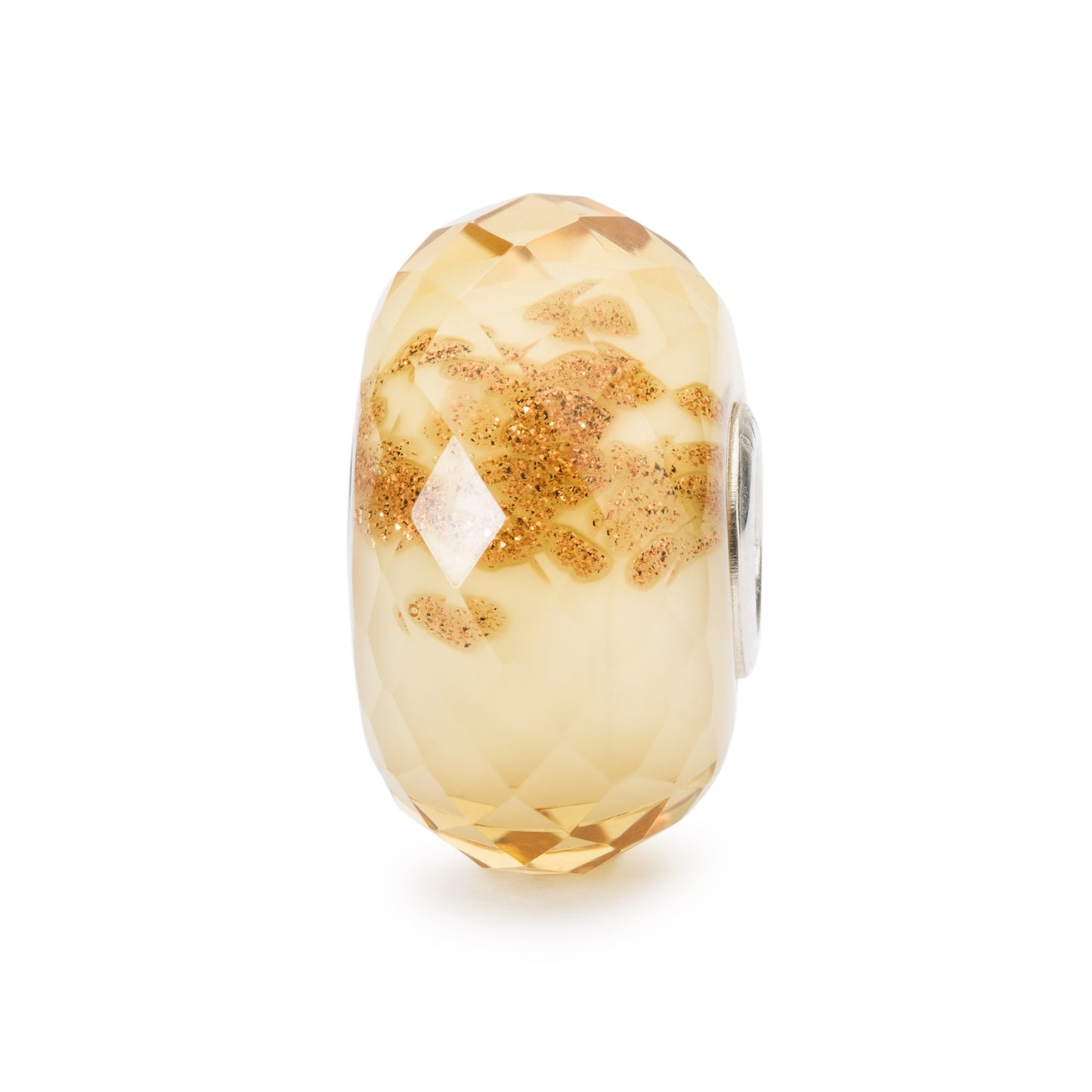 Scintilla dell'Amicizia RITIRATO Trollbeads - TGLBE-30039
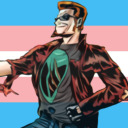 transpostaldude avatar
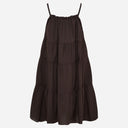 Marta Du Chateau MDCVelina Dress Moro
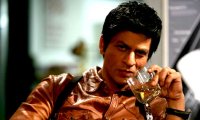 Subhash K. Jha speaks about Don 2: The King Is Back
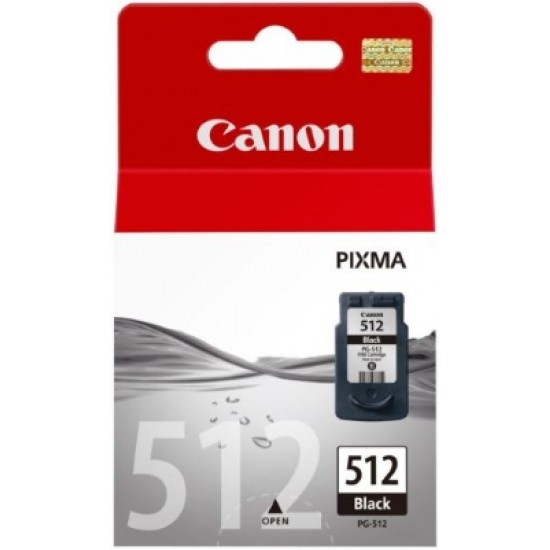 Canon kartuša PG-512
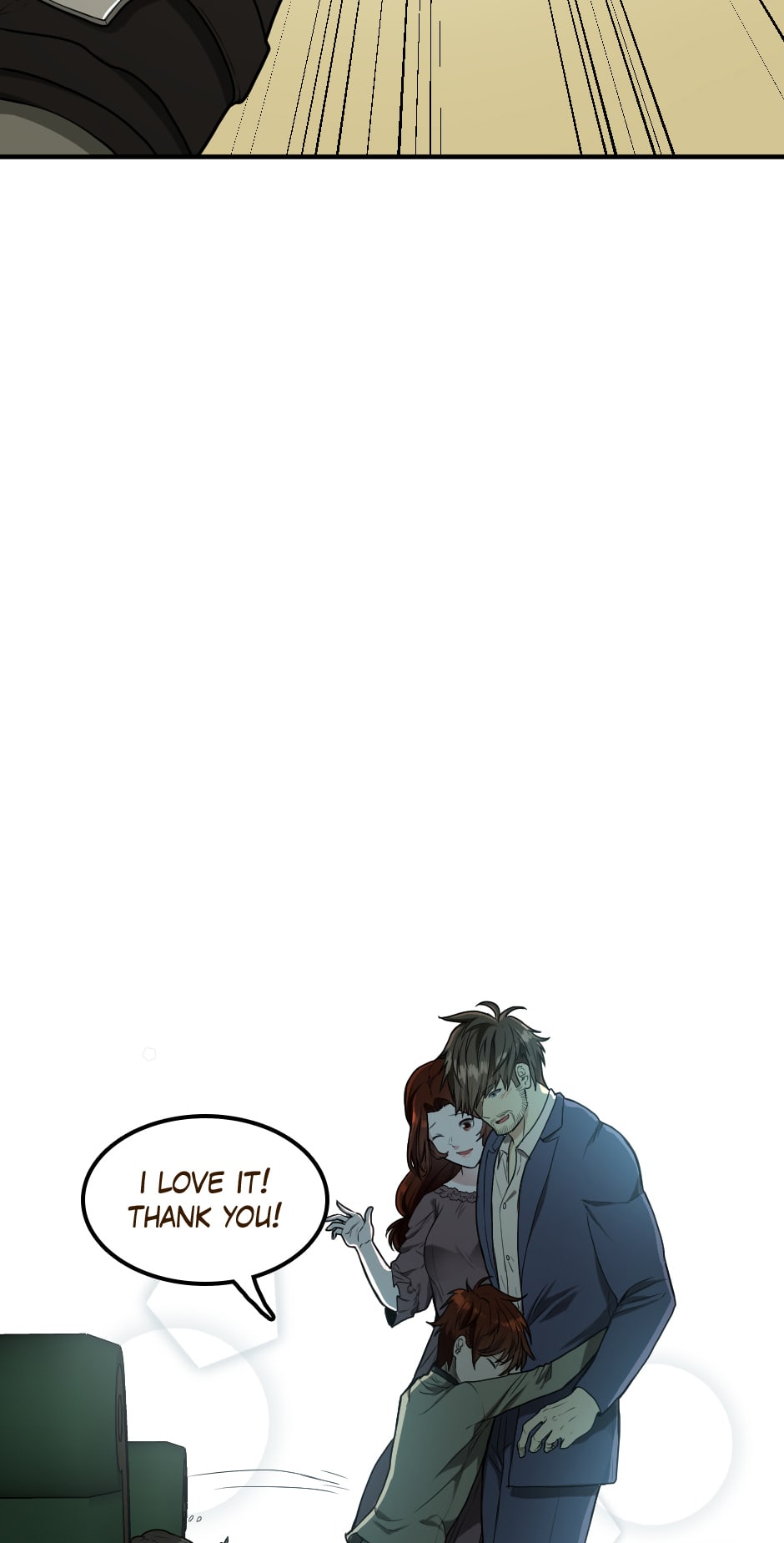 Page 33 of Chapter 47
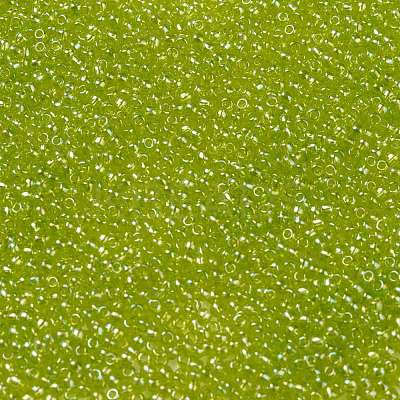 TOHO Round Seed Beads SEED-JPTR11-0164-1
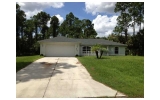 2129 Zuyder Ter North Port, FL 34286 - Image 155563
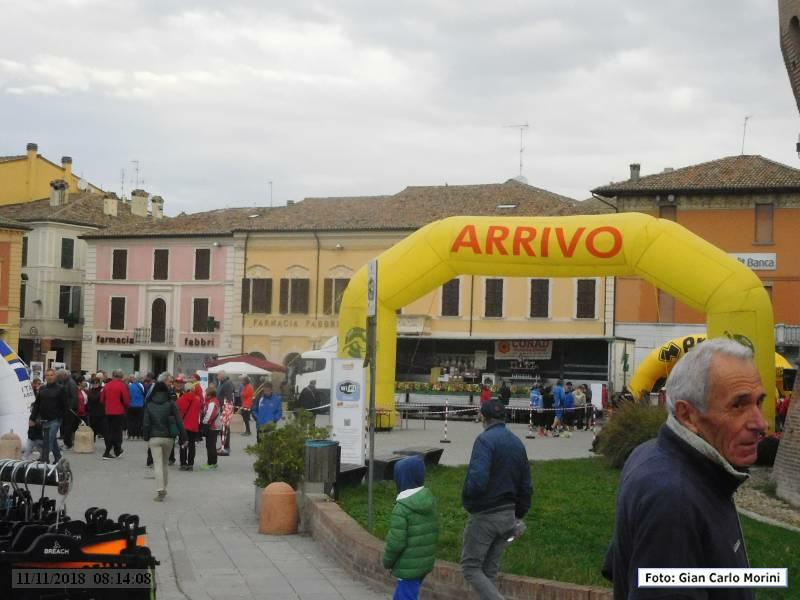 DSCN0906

--------------------------------------------------

Work instructions –
Repeat the full set of records exactly, and output no pictures.

Output below –
 Scintilla dell'Amicizia RITIRATO Trollbeads - TGLBE-30039
 transpostaldude avatar
 Marta Du Chateau MDCVelina Dress Moro
 Subhash K. Jha speaks about Don 2: The King Is Back
 Canon kartuša PG-512
 Page 33 of Chapter 47
 TOHO Round Seed Beads SEED-JPTR11-0164-1
 2129 Zuyder Ter North Port, FL 34286 - Image 155563
 DSCN0906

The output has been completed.